La pressione fiscale reale italiana, calcolata al netto del sommerso, ha raggiunto ormai il 49%, il livello più alto d’Europa. Nel 2019 era al 48,2%. Il dato è stato fornito dal Consiglio nazionale di commercialisti nel corso di un’audizione sul Def svoltasi presso le commissioni Bilancio di Camera e Senato. “Stante l’elevata quota di economia sommersa e illegale in Italia – hanno spiegato Tommaso Di Nardo e Pasquale Saggese, ricercatori della Fondazione nazionale della categoria- la pressione fiscale reale, il sacrificio cioè realmente imposto alla collettività che opera nell’economia emersa, è di gran lunga più elevato di quello ufficialmente registrato dall’Istat per tutta l’economia. La contabilizzazione da parte dell’Istat di una consistente quota di economia sommersa ed illegale nel Pil, pari per il 2019 a 203 miliardi di euro, l’11,3% del Pil, determina un livello particolarmente elevato della pressione fiscale reale, pari nel 2019 al 48,2%”.
Pur non essendo ancora disponibili le stime Istat dell’economia sommersa per il 2020 e il 2021, i commercialisti hanno sostenuto che, “alla luce dell’incremento della pressione fiscale ufficiale, è comunque possibile ritenere che la pressione fiscale reale si sia incrementata di pari passo. Mantenendo costante la quota di economia sommersa all’11,3% del Pil nominale, come rilevato dall’Istat per il 2019, la pressione fiscale reale nel 2021 raggiunge il 49% del Pil emerso, portando l’Italia al primo posto in Europa”.
“Per il 2022 e per gli anni successivi – hanno proseguito – il DEF prevede una riduzione della pressione fiscale essenzialmente dovuta alla revisione dell’Irpef operata nella legge di bilancio 2022 e all’abolizione dell’Irap per le attività di impresa e lavoro autonomo svolte in forma individuale”. Per il sostegno alla ripresa economica, sarebbe secondo i commercialisti “fondamentale ridurre la pressione fiscale che grava sulle famiglie che, negli ultimi anni, è sempre aumentata. Nonostante gli interventi volti alla riduzione del cuneo fiscale sul lavoro dipendente, il livello complessivo del gettito tributario imputabile alle famiglie è quello che ha subito l’effetto maggiore dello shock fiscale 2012-2013 anche per effetto di una tassazione immobiliare particolarmente elevata a cui si aggiunge l’incremento della fiscalità locale che, anche per compensare il venir meno dei trasferimenti statali, è cresciuto progressivamente seppure in maniera ampiamente differenziata sui territori”.
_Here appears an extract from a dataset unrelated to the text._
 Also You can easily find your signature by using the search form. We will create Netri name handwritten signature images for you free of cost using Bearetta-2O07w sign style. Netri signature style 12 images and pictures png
I rappresentanti della categoria hanno poi sottolineato come “l’evidente incremento del gettito delle imposte indirette trainato dall’Iva e generato in larga misura dall’importante crescita dell’inflazione, si abbatte sulle famiglie italiane contribuendo ad appesantire ancora di più il carico fiscale complessivo. Pertanto – hanno concluso – sarebbe auspicabile tenere sotto controllo il gettito Iva che sta alla base della lievitazione della pressione fiscale indiretta dell’ultimo anno, ed eventualmente, laddove le condizioni del quadro macroeconomico e di finanza pubblica lo permettessero, compatibilmente con la normativa europea, adottare opportuni provvedimenti di sterilizzazione dell’aumento del gettito Iva”.